# Records for the exercise:
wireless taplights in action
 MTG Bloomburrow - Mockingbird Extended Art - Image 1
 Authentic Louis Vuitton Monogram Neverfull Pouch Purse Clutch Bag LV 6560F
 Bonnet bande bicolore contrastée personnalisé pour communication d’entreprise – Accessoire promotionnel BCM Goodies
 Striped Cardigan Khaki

# Assigned task:
Copy out each line of the data exactly.

# Your response:
wireless taplights in action
 MTG Bloomburrow - Mockingbird Extended Art - Image 1
 Authentic Louis Vuitton Monogram Neverfull Pouch Purse Clutch Bag LV 6560F
 Bonnet bande bicolore contrastée personnalisé pour communication d’entreprise – Accessoire promotionnel BCM Goodies
 Striped Cardigan Khaki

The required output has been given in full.